Now, editing the source code within the container is all cool and nice, but what if we want to actually use our favorite gui editors like [VSCode](https://code.visualstudio.com/) or [PyCharm](https://www.jetbrains.com/pycharm/) to have numerous productivity features like runtime and library code completion, project wide search, definition location and code navigation to allow us to easily navigate inside the very large CKAN source code?
For that we'd have to set up a volume mount from docker to the outside host machine, but more on this in the next section!
## Setting up CKAN Source Outside the Container
Since the source code is being deployed inside the container, to be able to access it we would need to use ["bind mounts"](https://docs.docker.com/storage/bind-mounts/). Bind mounts are a way to enable propogation of changes from the container to the host and back, but due to a [bug](https://github.com/docker/for-mac/issues/3431) in the Windows/Mac OS versions of the underlying docker runtime layer, we'd need to do a quick workaround to have it working as expected.
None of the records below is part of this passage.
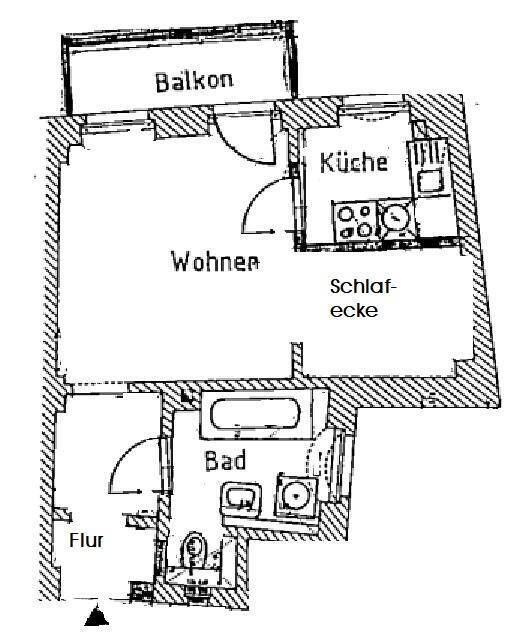 Ab Oktober 2025: Kleine SingleWohnung mit Balkon (Hofseite), Schlafecke, Laminatboden und Badewanne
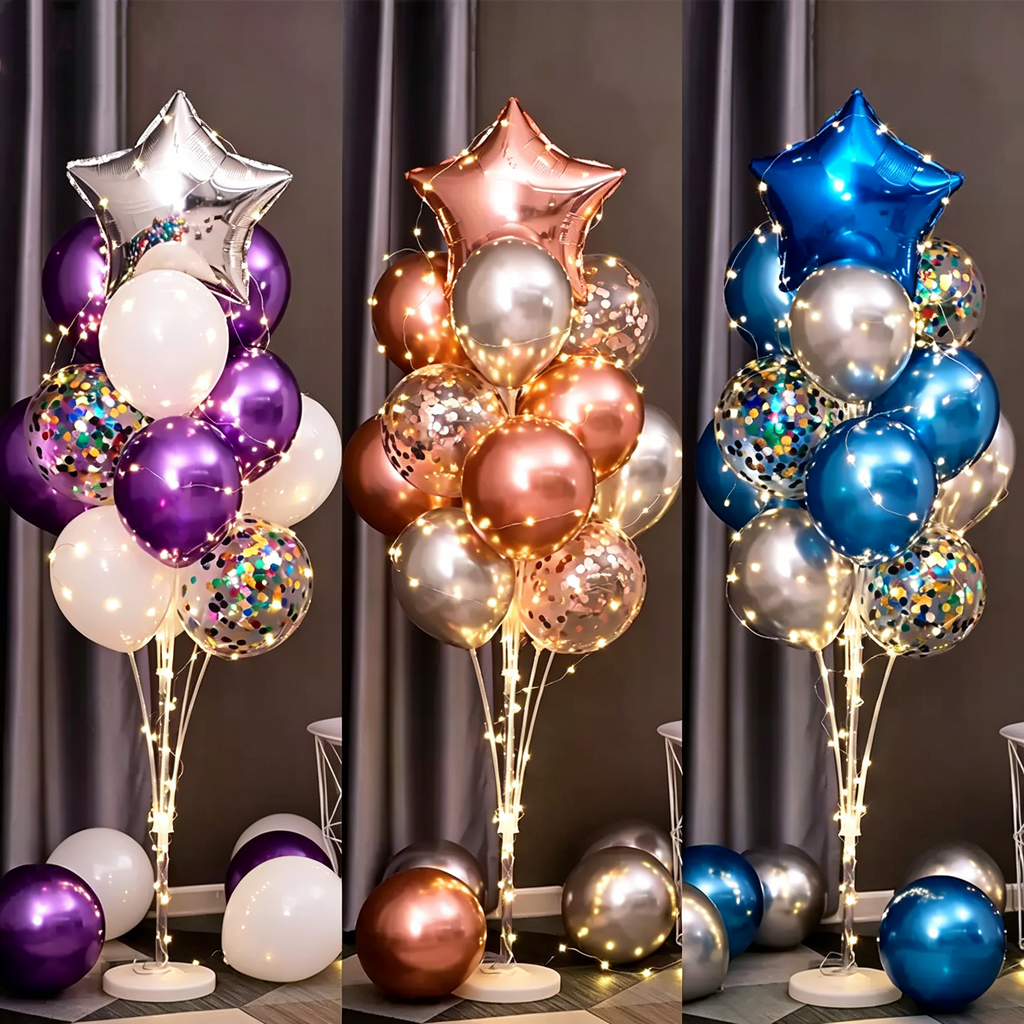 Flowerva Balloon Stand Column Floor/Table Decor for Birthday Party Scene Setup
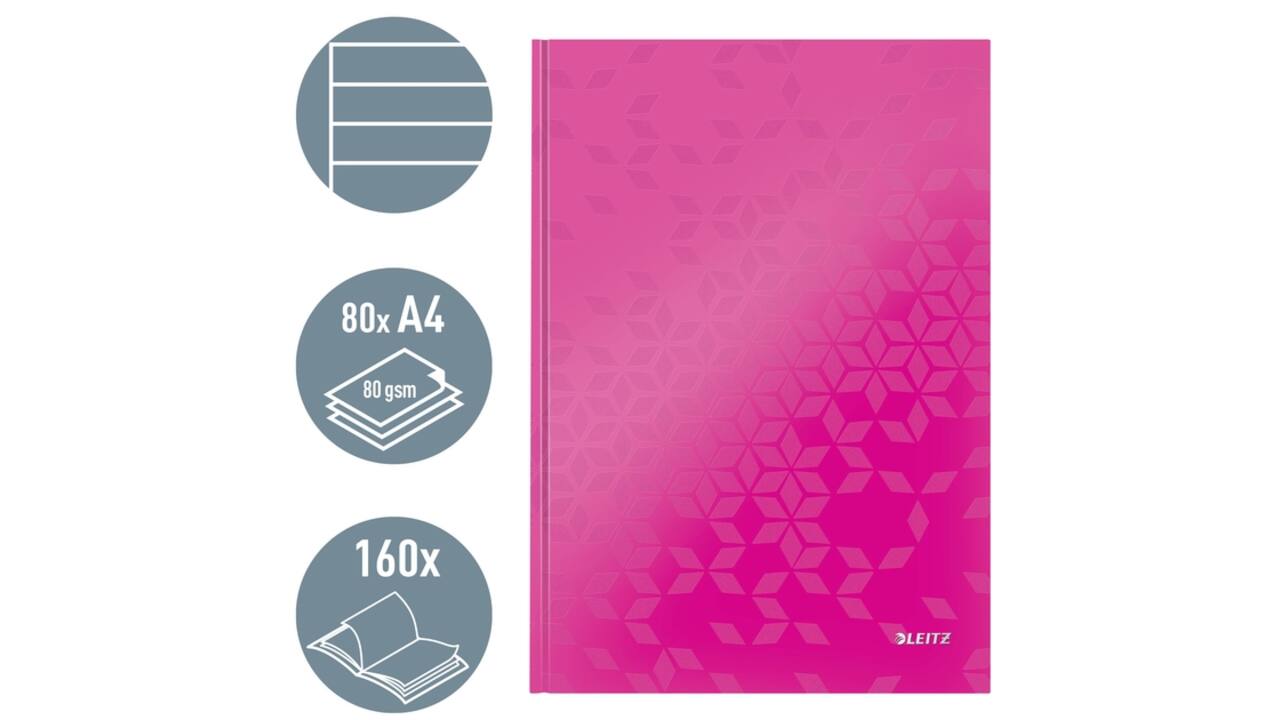 Notitieboek Leitz WOW A4 160blz 90gr lijn roze
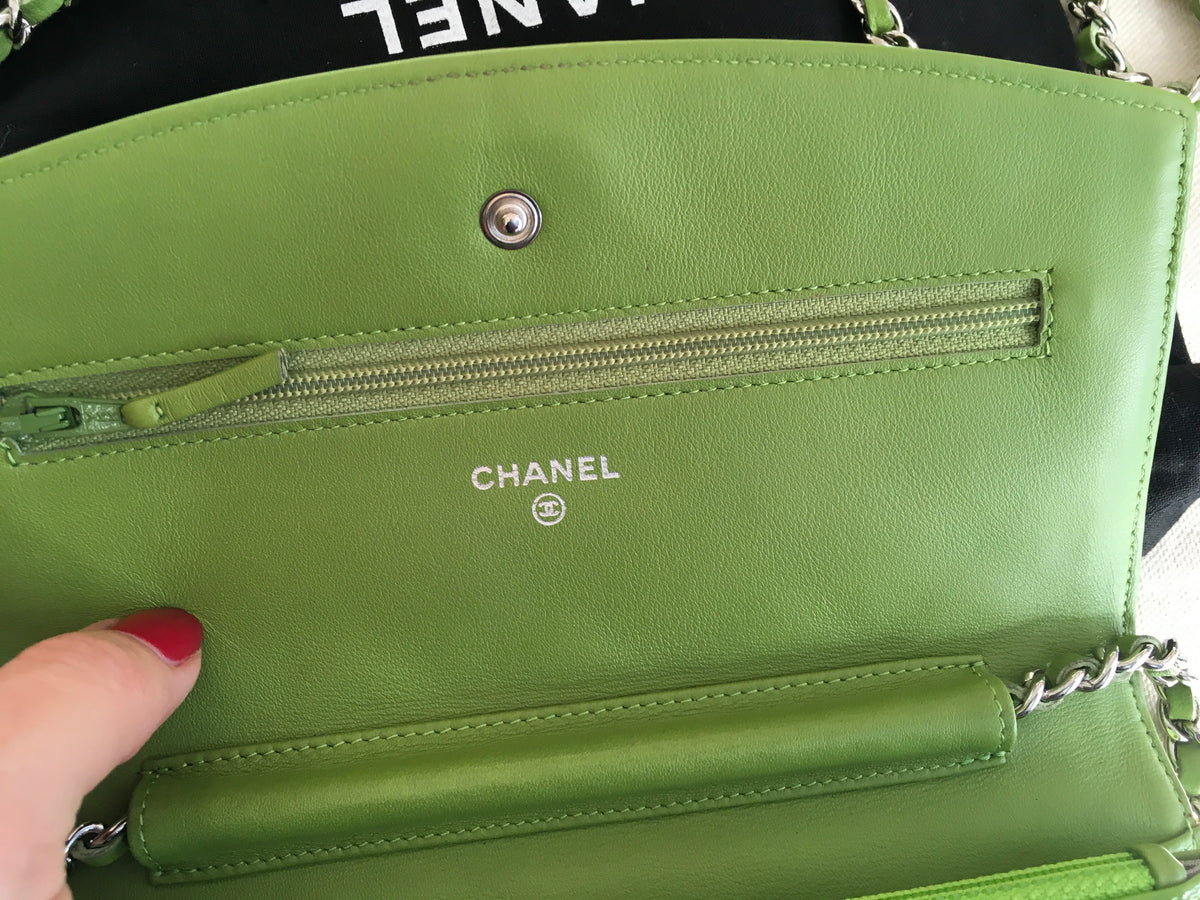 CHANEL Patent Quilted Wallet On Chain WOC Lime Green Bag Handbag Rare Ladies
The ideal way for us would have been to set up a bind mount from `/srv/app/src/ckan` off the CKAN container to our host, but this wouldn't work as long as this bug is still open.
To workaround it, we'd copy the built `srv/app/src/ckan` folder outside of the container to the volume mount the container setup already has for developing extensions. I.e. into the `/srv/app/src_extensions` inside the CKAN container, which would result in the CKAN source folder available to our host machine, in the already designated folder `./docker-ckan/src` under where we cloned the repo in the first place.
So let's get to work:
First, if not already booted up, boot up your container setup as instructed in [Booting Up Containers](#Booting-Up-Containers).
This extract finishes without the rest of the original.